*YOUR OBJECTIVE*: No pictures belong in the copy. Restate the rest of the data exactly.

*SUPPLIED MATERIAL*:
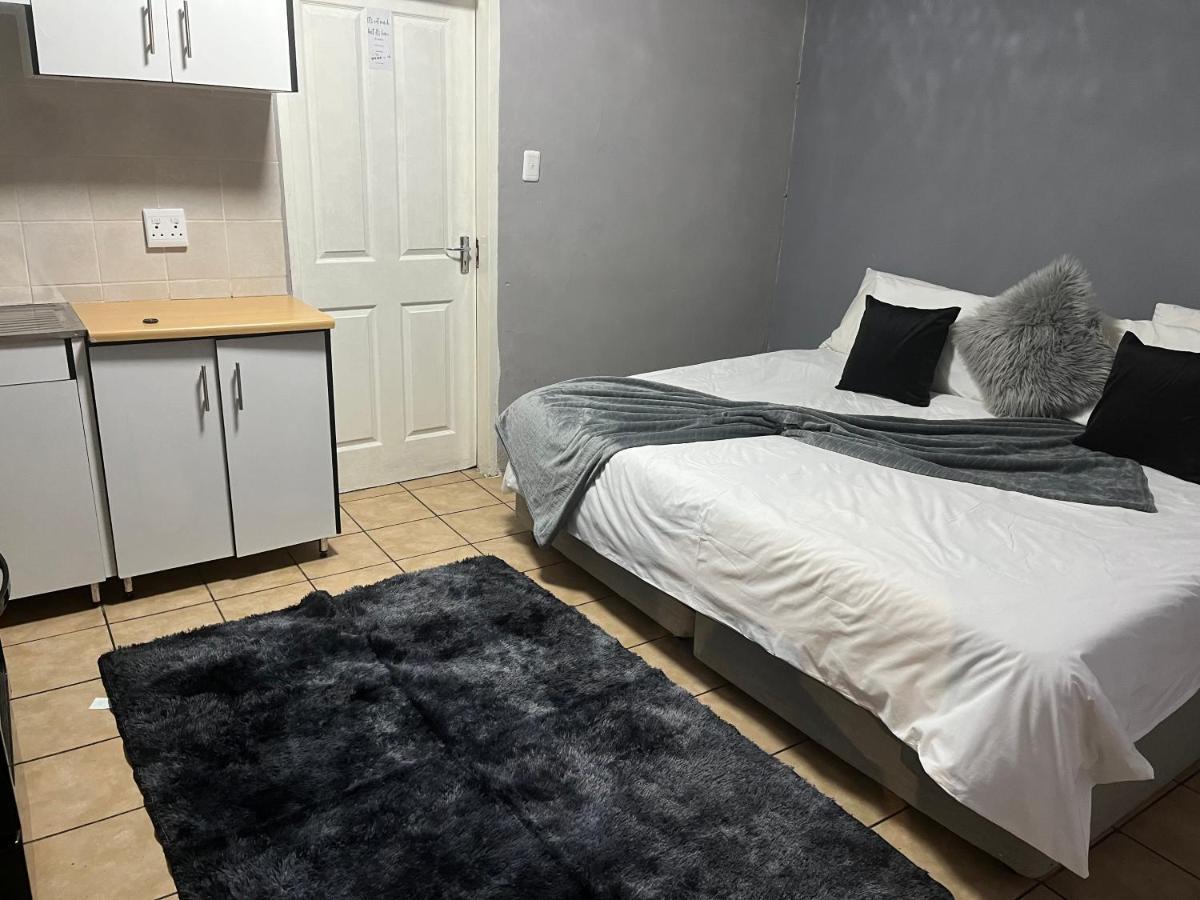 Mofolo Guest House Soweto Zewnętrze zdjęcie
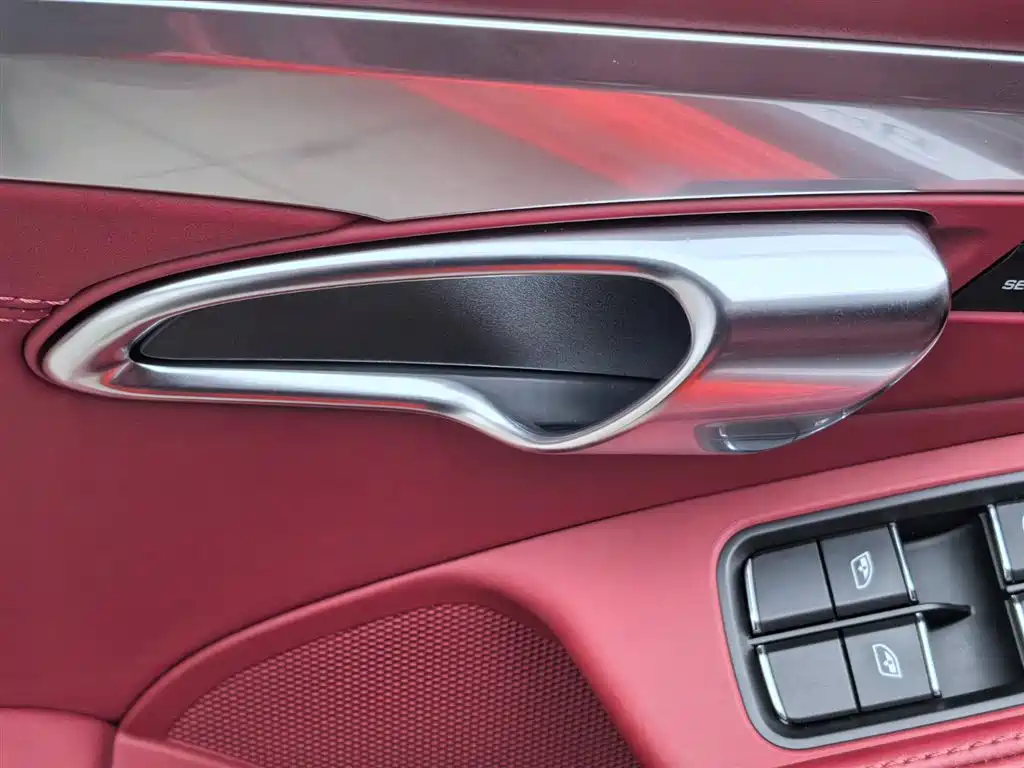 Porsche 718 2022 Boxster 2.0T фото 23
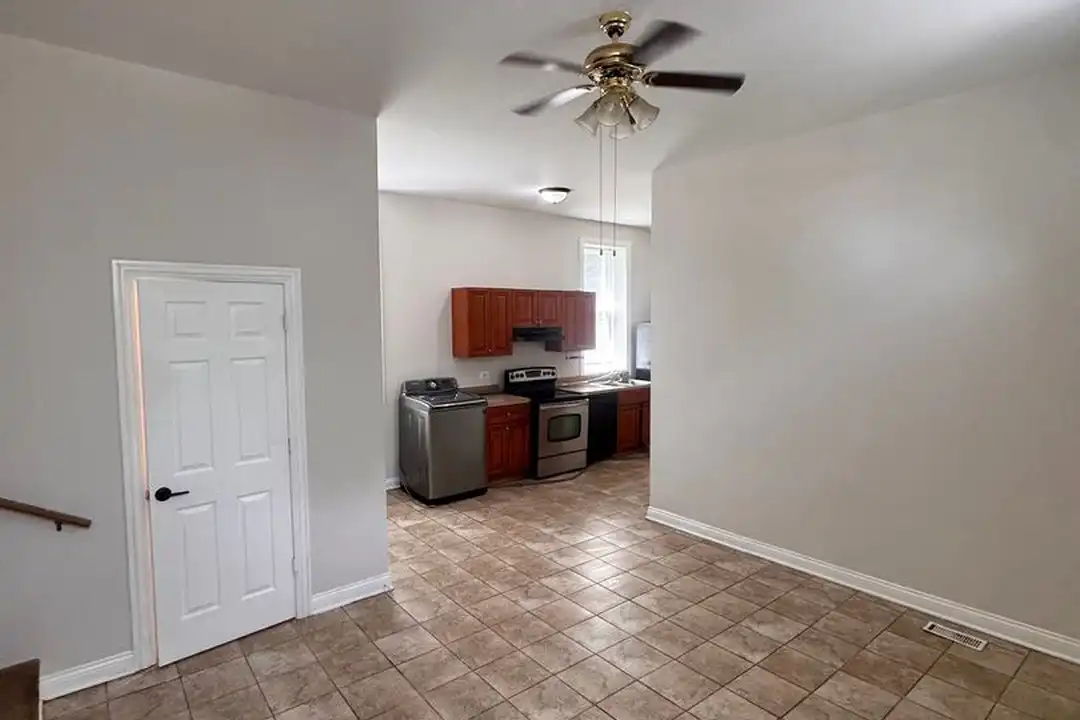 2101 S Marshall Blvd unit 2101-1F - View 2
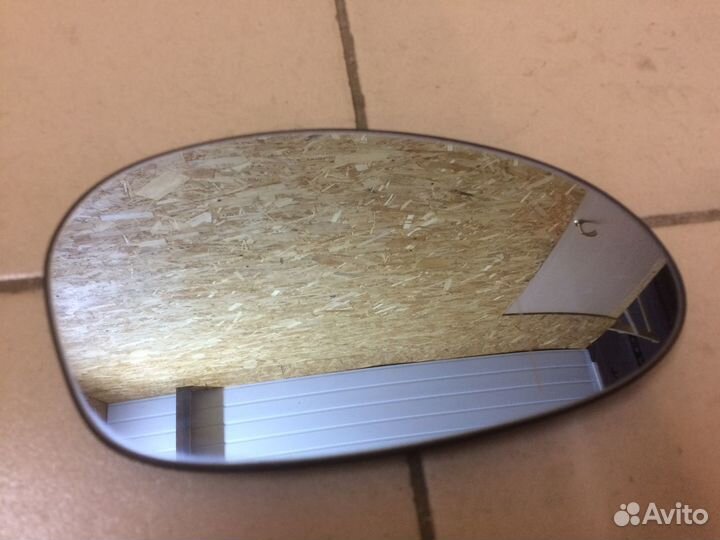 BMW E87 Зеркальный элемент правый с Японии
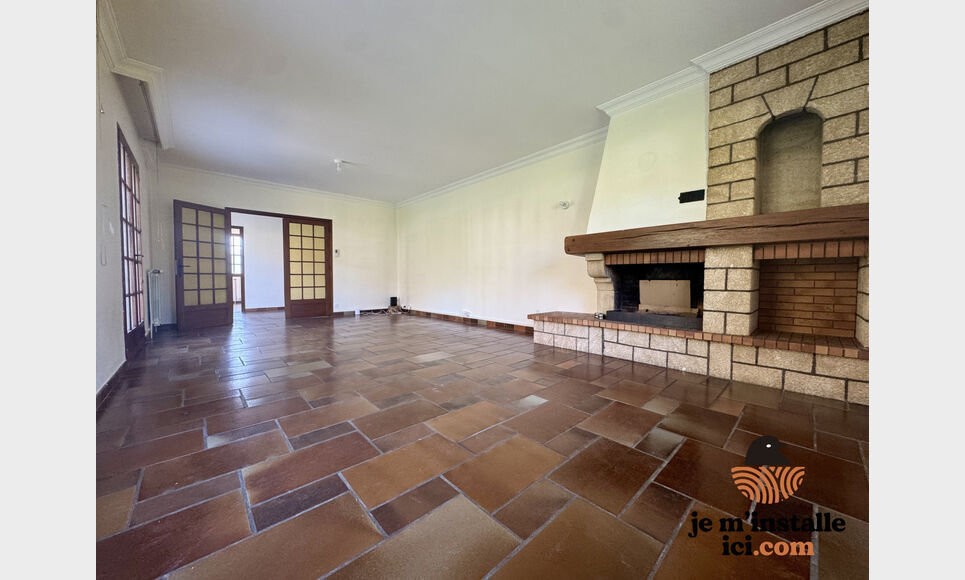 RARE &Agrave; LA VENTE   VILLA FAMILIALE EN HYPER CENTRE DE VOREPPE : Photo 4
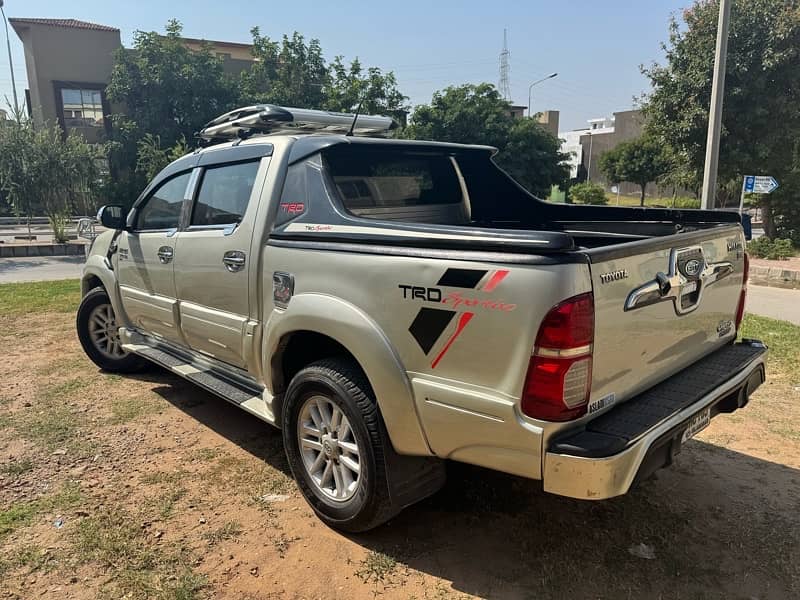 TOYOTA HILUX VIGO THAILAND Model 2012 0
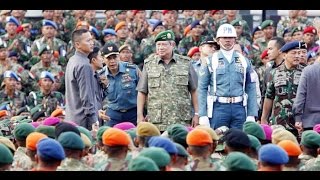 preview picture of video 'SBY BERPAMITAN DI HUT TNI KE-69'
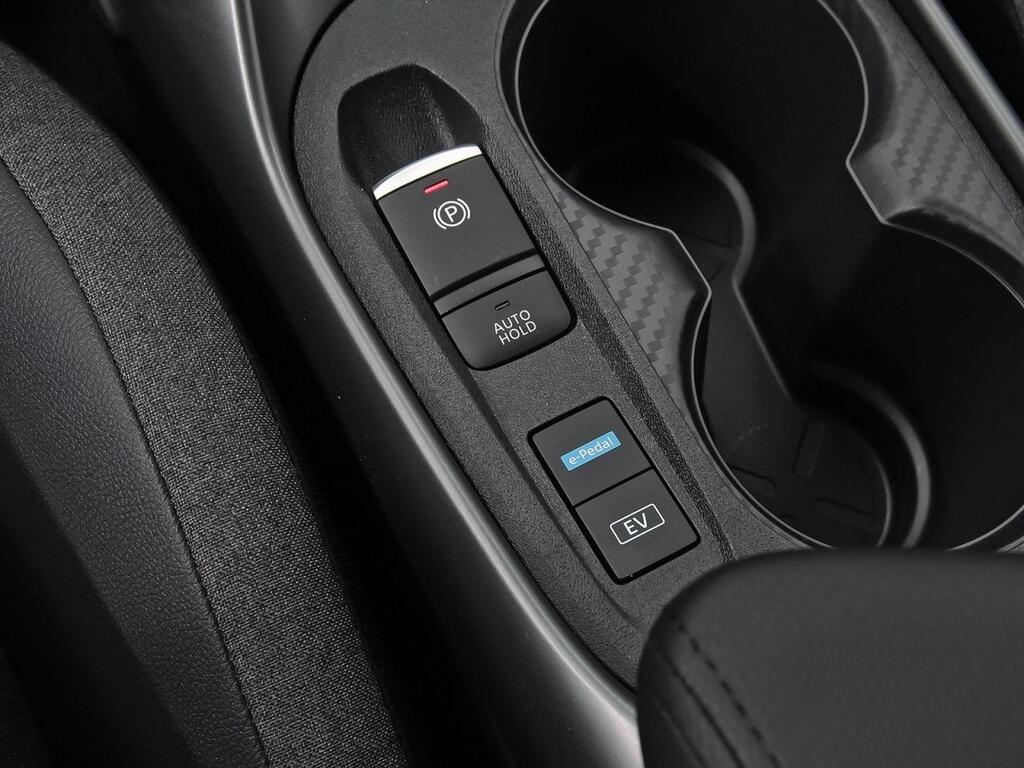 Nissan Juke 1.6 Hybrid 105kW (145CV) N-Connecta 32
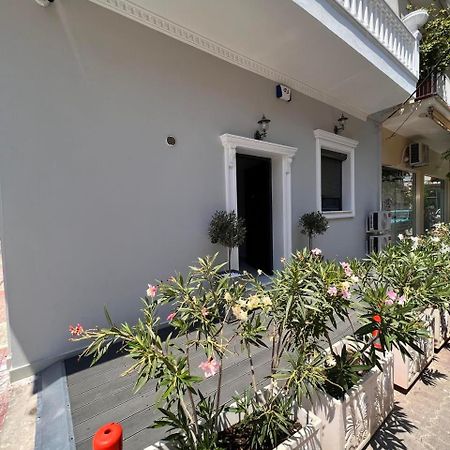 לוטראקי Kontis' Furnished Apartment מראה חיצוני תמונה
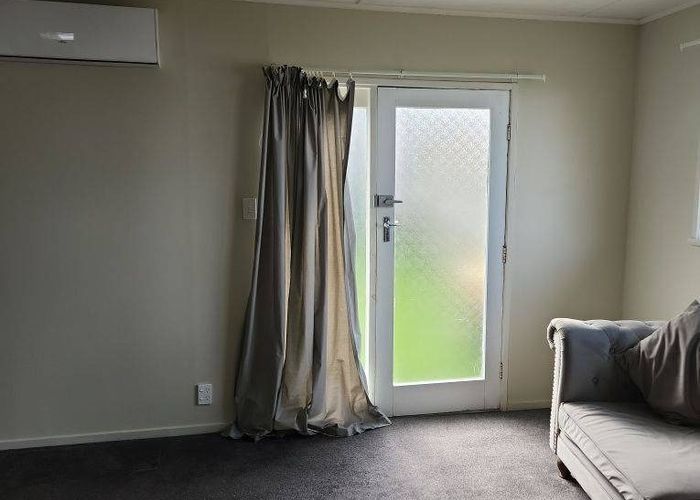  at 34B Gordon Road, Western Heights, Waitakere City, Auckland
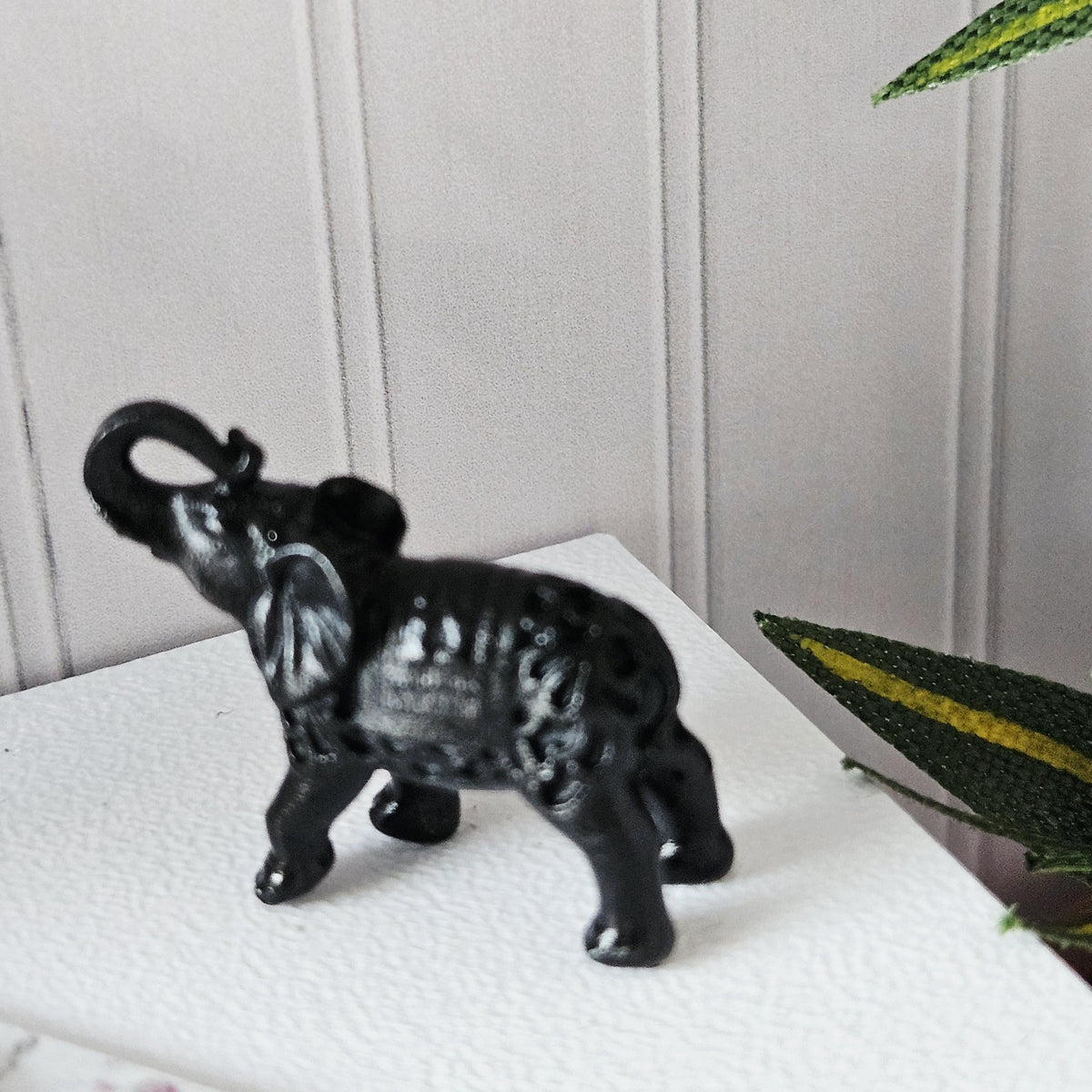 Dolls House Elephant Ornament | Miniature Animal Figure | Decorative Home Accent | 1:12 Scale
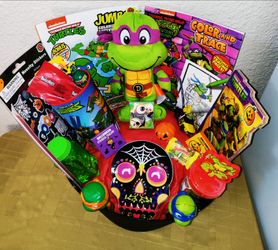 NINJA TURTLES, HALLOWEEN GIFT BASKET. ( PICK UP IN MODESTO.)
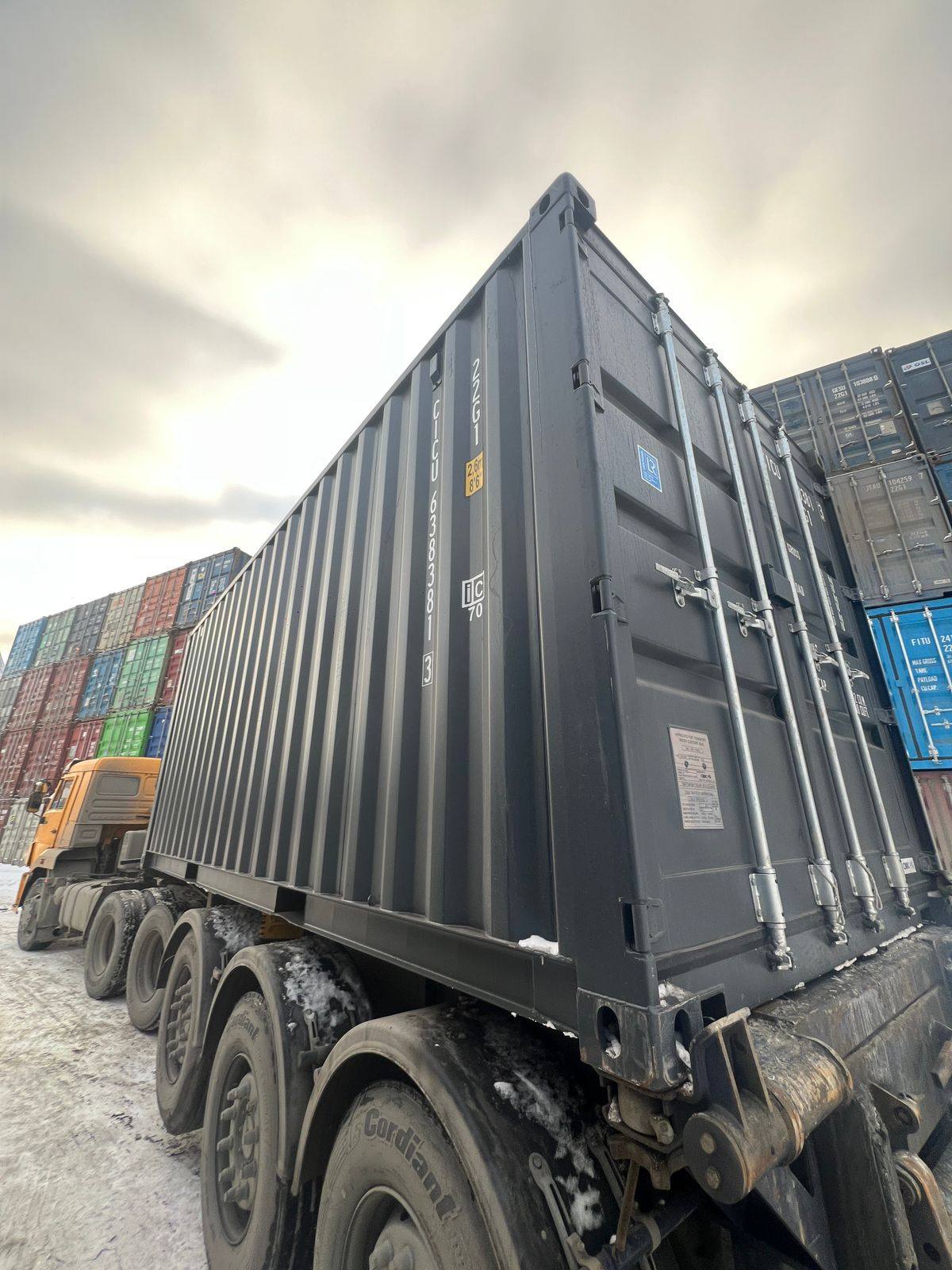 Морской контейнер CICU6383813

*TASK RESULT*:
 Mofolo Guest House Soweto Zewnętrze zdjęcie
 Porsche 718 2022 Boxster 2.0T фото 23
 2101 S Marshall Blvd unit 2101-1F - View 2
 BMW E87 Зеркальный элемент правый с Японии
 RARE &Agrave; LA VENTE   VILLA FAMILIALE EN HYPER CENTRE DE VOREPPE : Photo 4
 TOYOTA HILUX VIGO THAILAND Model 2012 0
 preview picture of video 'SBY BERPAMITAN DI HUT TNI KE-69'
 Nissan Juke 1.6 Hybrid 105kW (145CV) N-Connecta 32
 לוטראקי Kontis' Furnished Apartment מראה חיצוני תמונה
  at 34B Gordon Road, Western Heights, Waitakere City, Auckland
 Dolls House Elephant Ornament | Miniature Animal Figure | Decorative Home Accent | 1:12 Scale
 NINJA TURTLES, HALLOWEEN GIFT BASKET. ( PICK UP IN MODESTO.)
 Морской контейнер CICU6383813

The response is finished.